┏━━

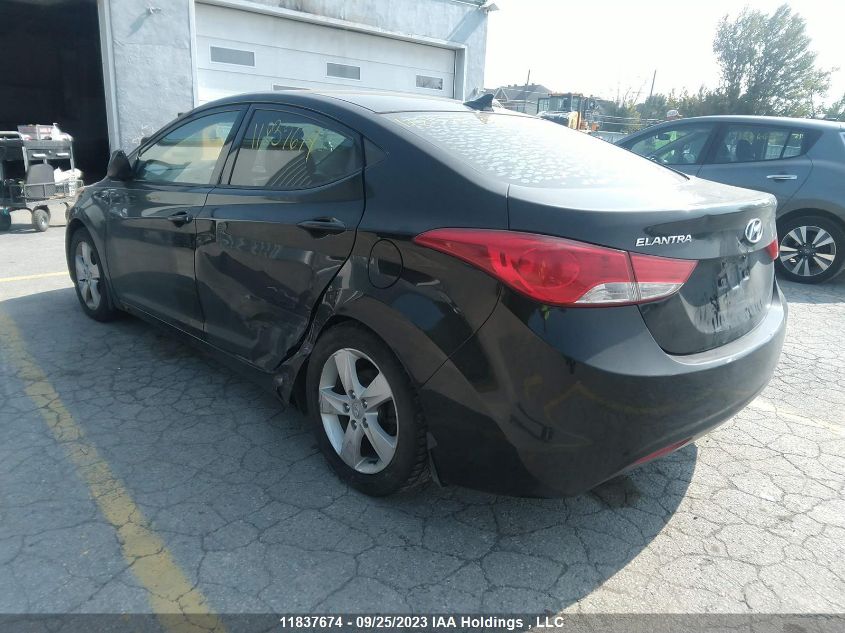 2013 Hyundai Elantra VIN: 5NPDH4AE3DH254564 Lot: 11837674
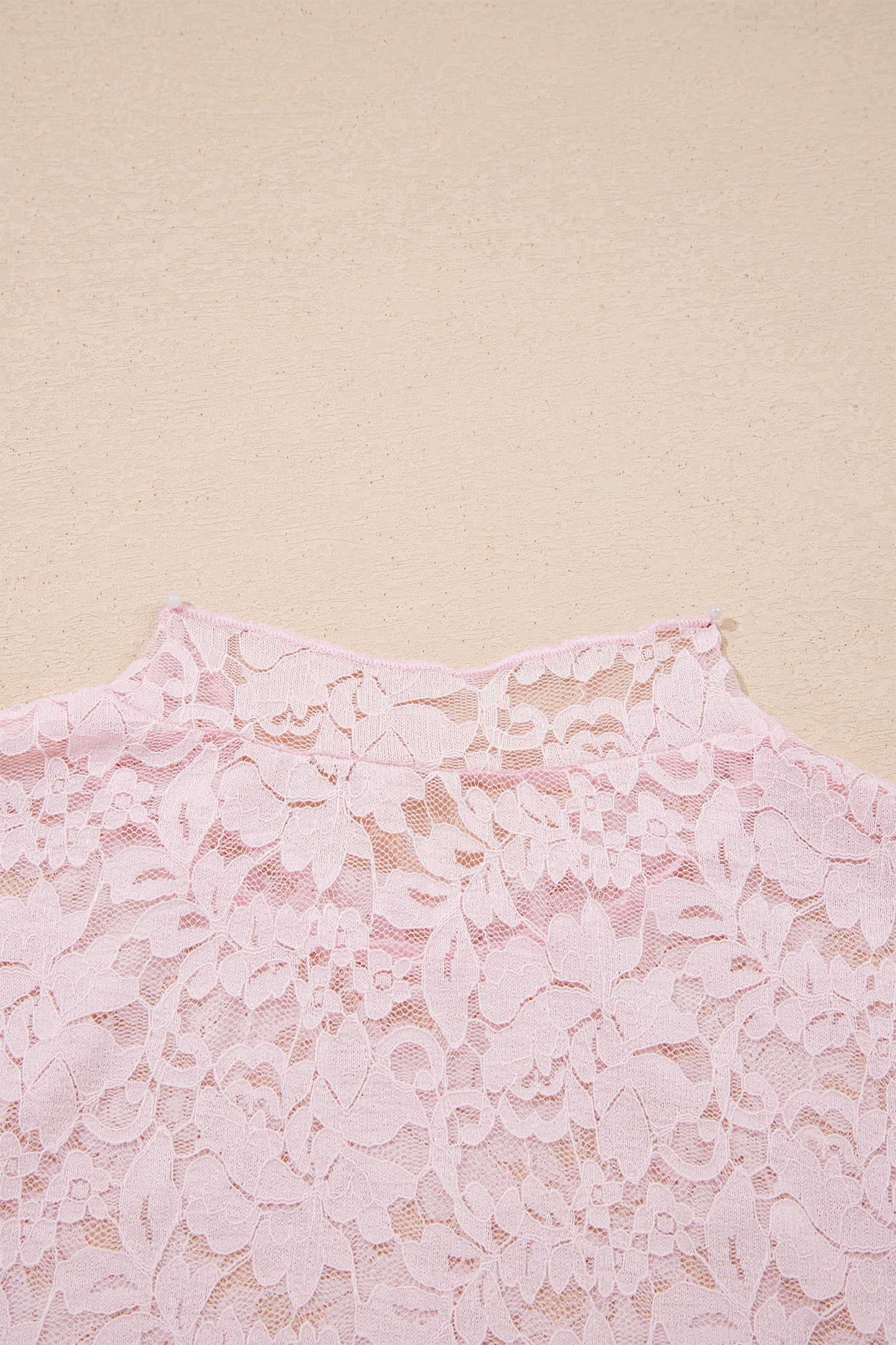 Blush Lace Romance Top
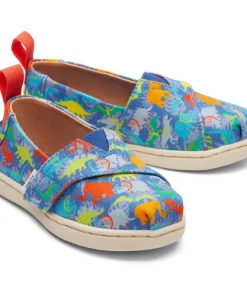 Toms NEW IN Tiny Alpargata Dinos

┗━━

[WORK ITEM] Copy the listing word for word, excluding its pictures.

[SOLUTION]
 2013 Hyundai Elantra VIN: 5NPDH4AE3DH254564 Lot: 11837674
 Blush Lace Romance Top
 Toms NEW IN Tiny Alpargata Dinos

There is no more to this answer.